_PROBLEM:_ Your output must be the lines below from the line containing "FRONT SEAT CONTROL MODULE BMW 3 F30 12-18" to the line containing "2011 MAZDA CX-7", both lines included, reproduced exactly and without pictures.

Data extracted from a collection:
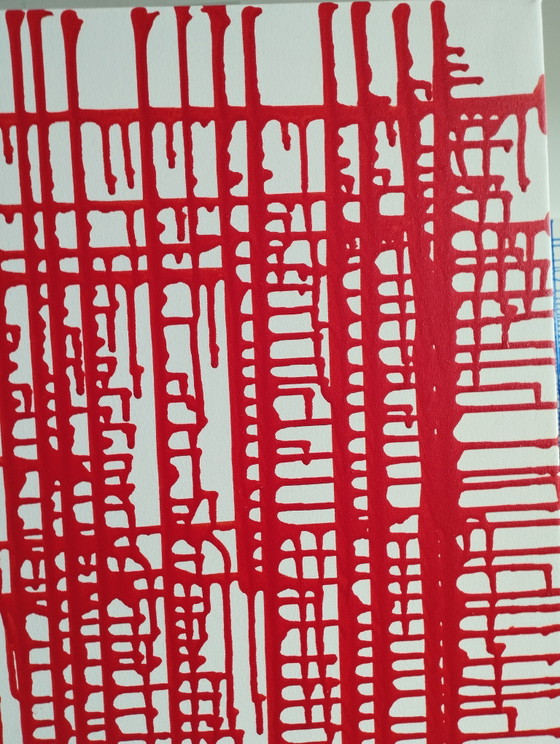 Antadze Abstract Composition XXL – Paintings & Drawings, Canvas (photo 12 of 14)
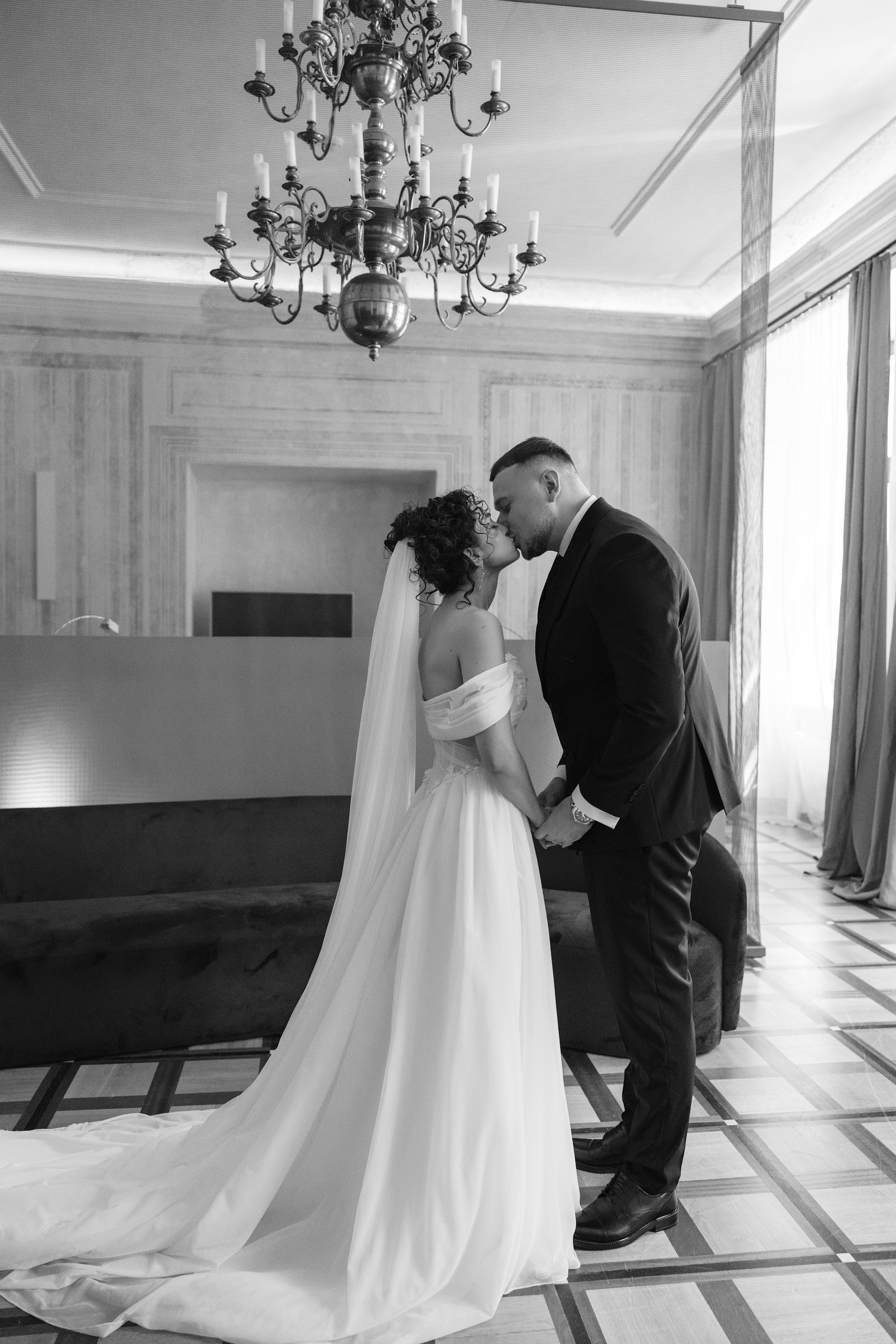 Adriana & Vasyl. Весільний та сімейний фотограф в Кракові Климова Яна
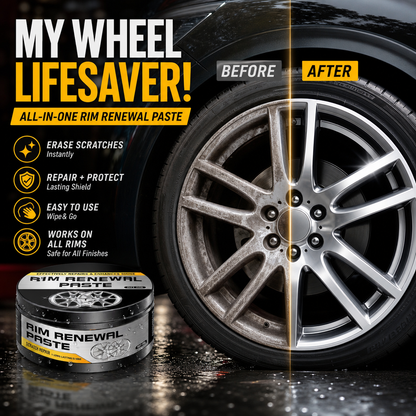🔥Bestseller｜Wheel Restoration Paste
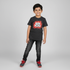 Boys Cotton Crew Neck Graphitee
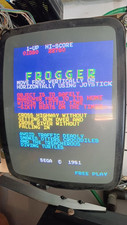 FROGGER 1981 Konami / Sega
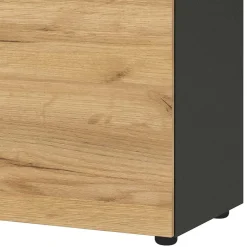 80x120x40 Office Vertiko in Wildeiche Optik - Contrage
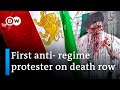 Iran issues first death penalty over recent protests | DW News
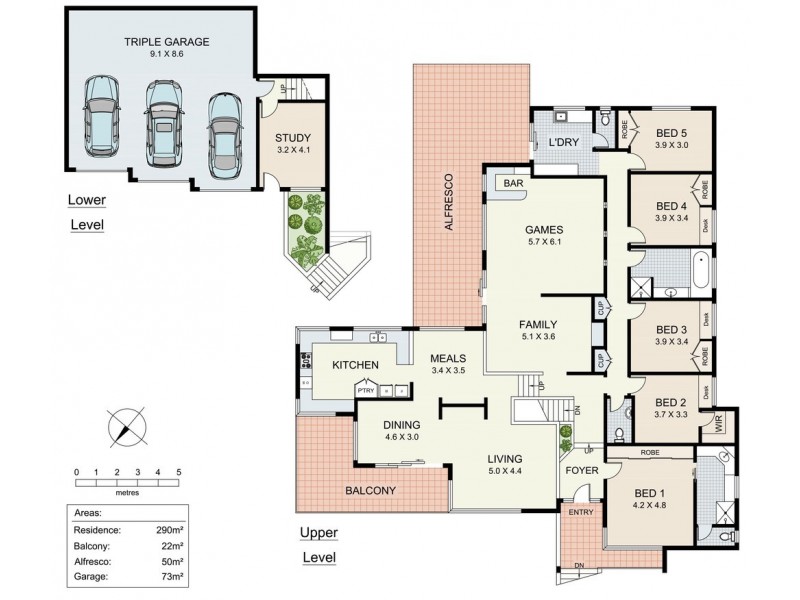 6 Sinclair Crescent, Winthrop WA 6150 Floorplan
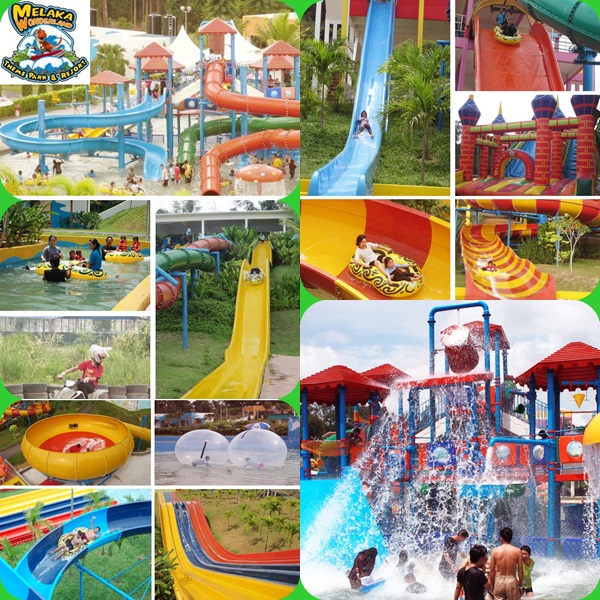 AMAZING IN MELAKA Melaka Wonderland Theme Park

==

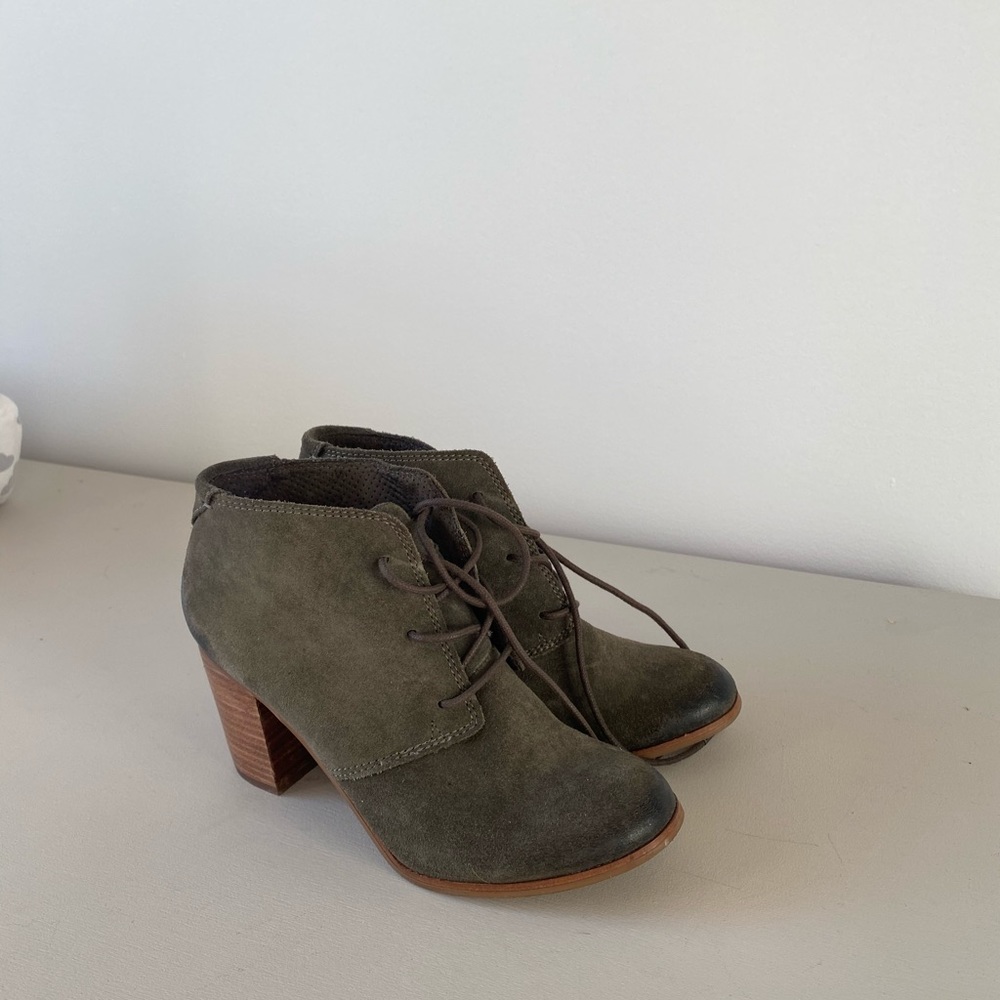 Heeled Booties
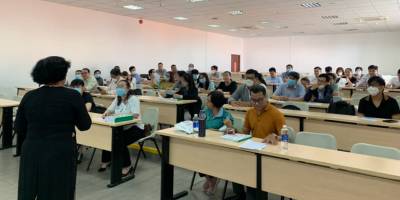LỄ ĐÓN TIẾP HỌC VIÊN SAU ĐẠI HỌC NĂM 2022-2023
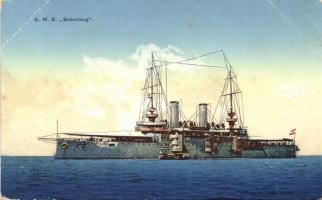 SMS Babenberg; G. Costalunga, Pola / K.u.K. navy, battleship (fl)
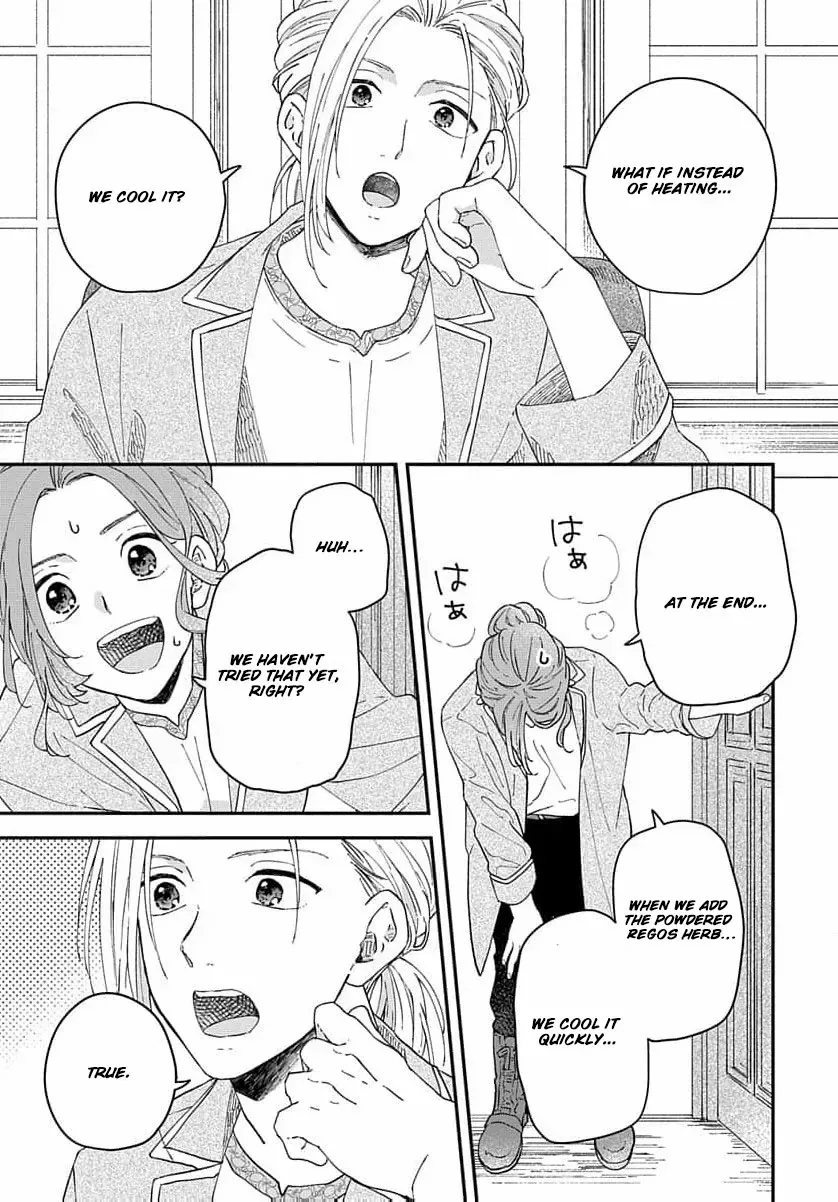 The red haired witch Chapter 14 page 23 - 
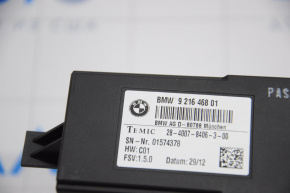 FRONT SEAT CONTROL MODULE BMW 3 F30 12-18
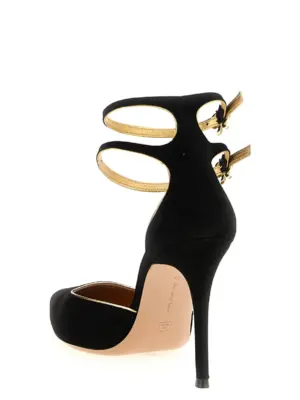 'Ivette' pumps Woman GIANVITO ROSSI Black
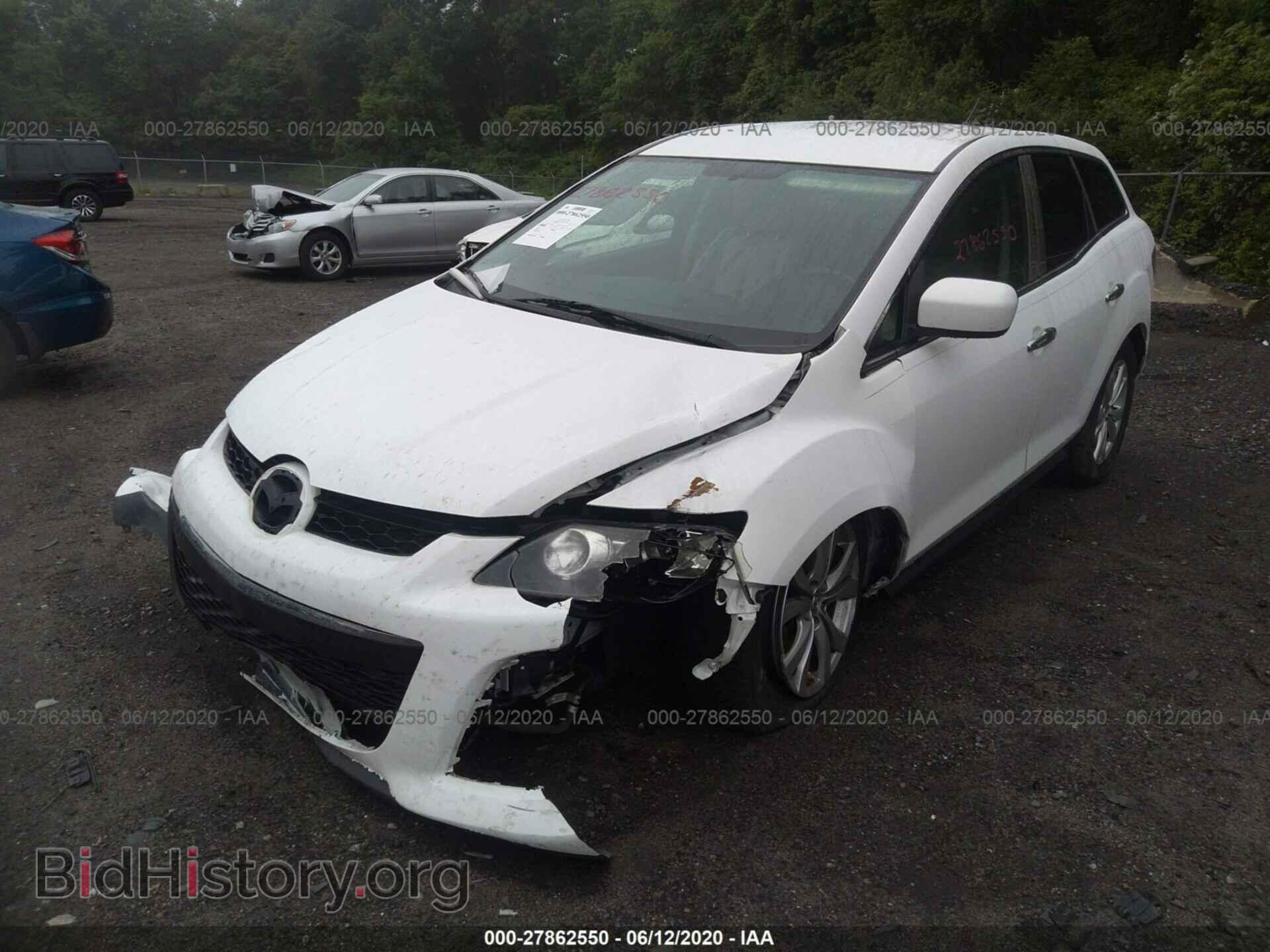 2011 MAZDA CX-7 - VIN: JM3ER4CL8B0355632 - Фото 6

==

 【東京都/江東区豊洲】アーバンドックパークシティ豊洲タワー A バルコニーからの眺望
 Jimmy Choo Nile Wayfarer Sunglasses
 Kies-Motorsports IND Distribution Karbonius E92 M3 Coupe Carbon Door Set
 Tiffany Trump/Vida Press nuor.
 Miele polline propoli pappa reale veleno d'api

_EXERCISE RESULT:_
 FRONT SEAT CONTROL MODULE BMW 3 F30 12-18
 'Ivette' pumps Woman GIANVITO ROSSI Black
 2011 MAZDA CX-7 - VIN: JM3ER4CL8B0355632 - Фото 6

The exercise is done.